Information shown:
----------------

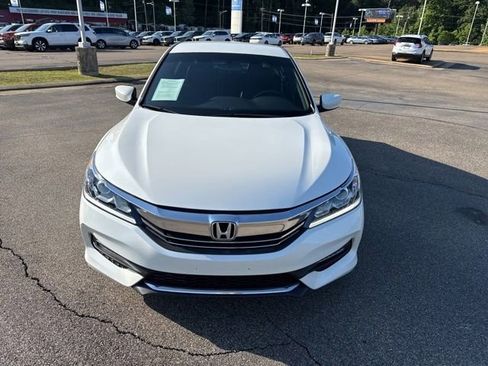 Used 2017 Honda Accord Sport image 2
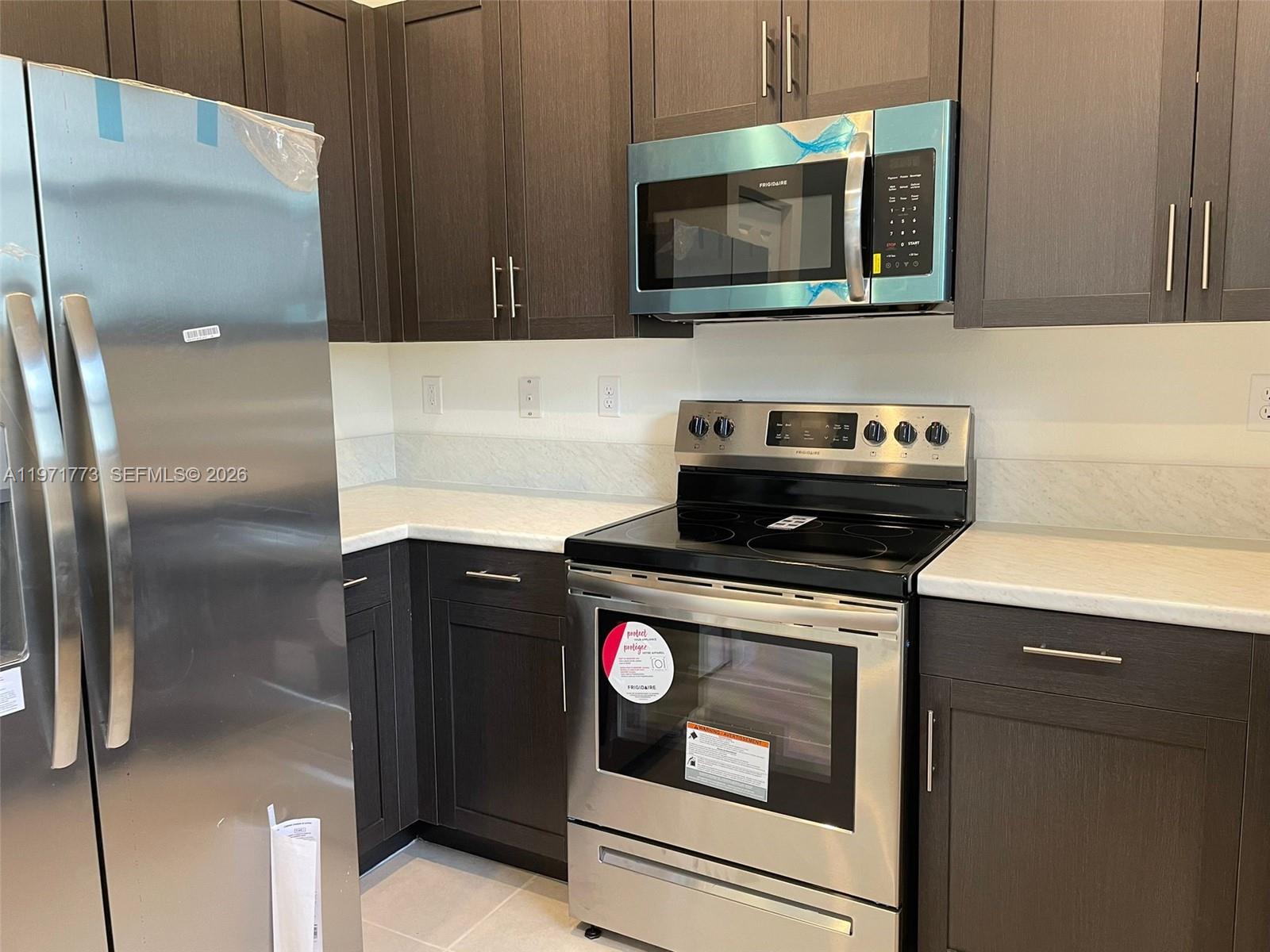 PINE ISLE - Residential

----------------

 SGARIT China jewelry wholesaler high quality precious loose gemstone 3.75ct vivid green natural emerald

----------------

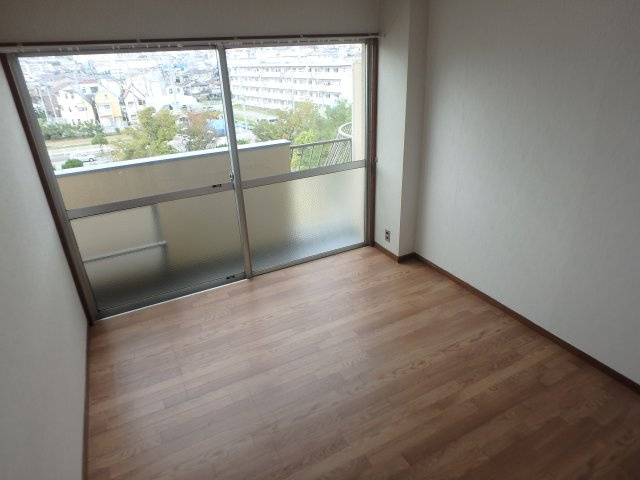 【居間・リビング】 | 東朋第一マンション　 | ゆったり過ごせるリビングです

----------------

Activity: Once the line with "Used 2017 Honda Accord Sport image 2" has been found above, output that line and every later line exactly, stopping after the line with "PINE ISLE - Residential", and omit the pictures.

Result:
 Used 2017 Honda Accord Sport image 2
 PINE ISLE - Residential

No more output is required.